[Source data]
○ ○ ○ ○

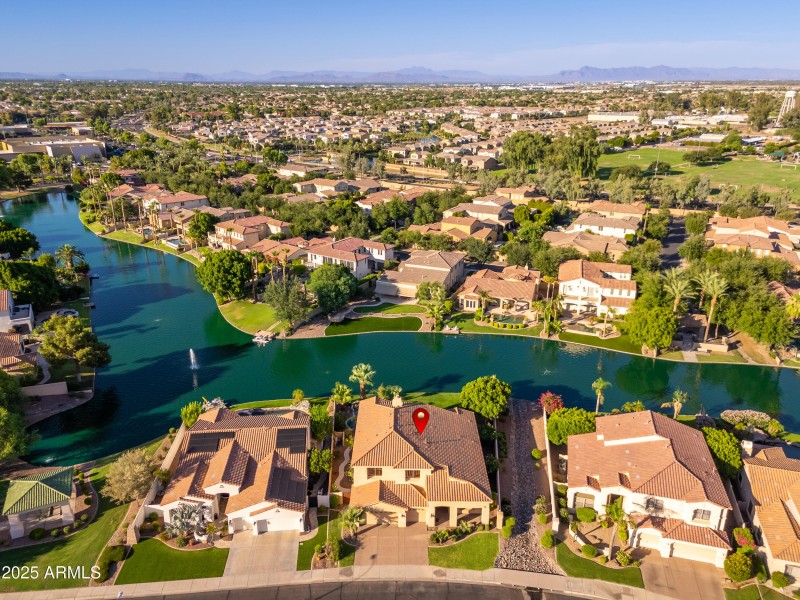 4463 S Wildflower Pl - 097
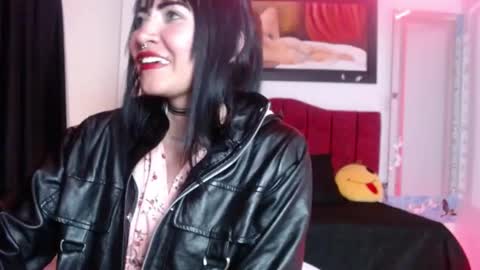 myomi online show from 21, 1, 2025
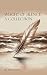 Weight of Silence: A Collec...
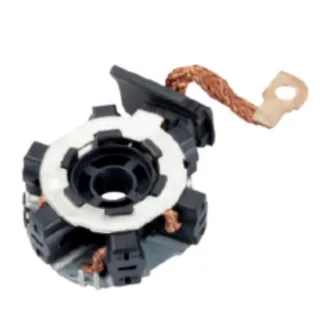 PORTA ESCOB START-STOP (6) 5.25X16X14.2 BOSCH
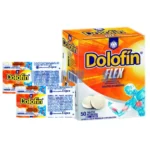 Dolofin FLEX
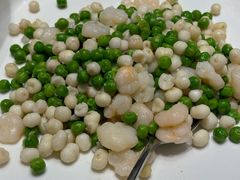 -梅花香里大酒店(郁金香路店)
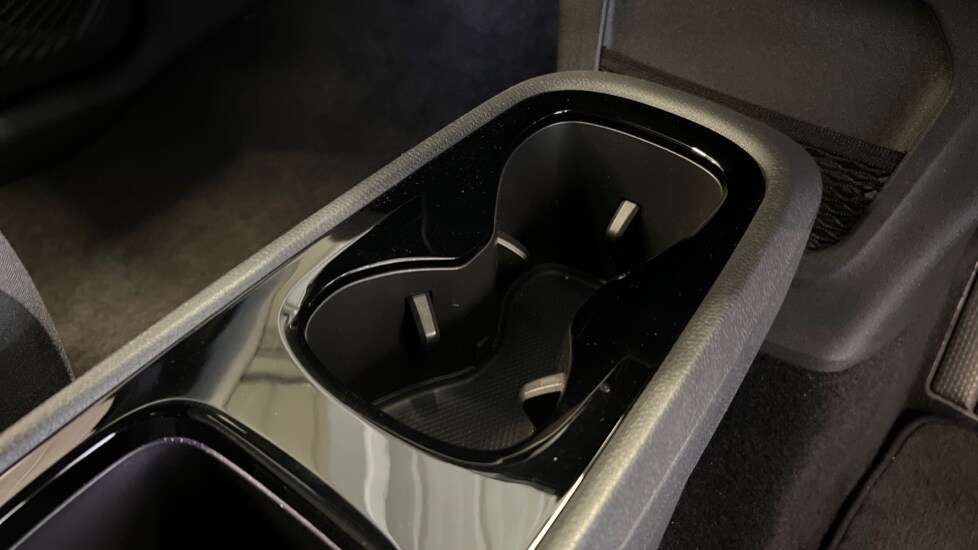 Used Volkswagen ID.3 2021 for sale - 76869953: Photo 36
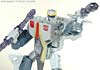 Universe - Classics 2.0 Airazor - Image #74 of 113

○ ○ ○ ○

Would you copy all of the data exactly? Keep the pictures out of it.

 4463 S Wildflower Pl - 097
 myomi online show from 21, 1, 2025
 Weight of Silence: A Collec...
 PORTA ESCOB START-STOP (6) 5.25X16X14.2 BOSCH
 Dolofin FLEX
 -梅花香里大酒店(郁金香路店)
 Used Volkswagen ID.3 2021 for sale - 76869953: Photo 36
 Universe - Classics 2.0 Airazor - Image #74 of 113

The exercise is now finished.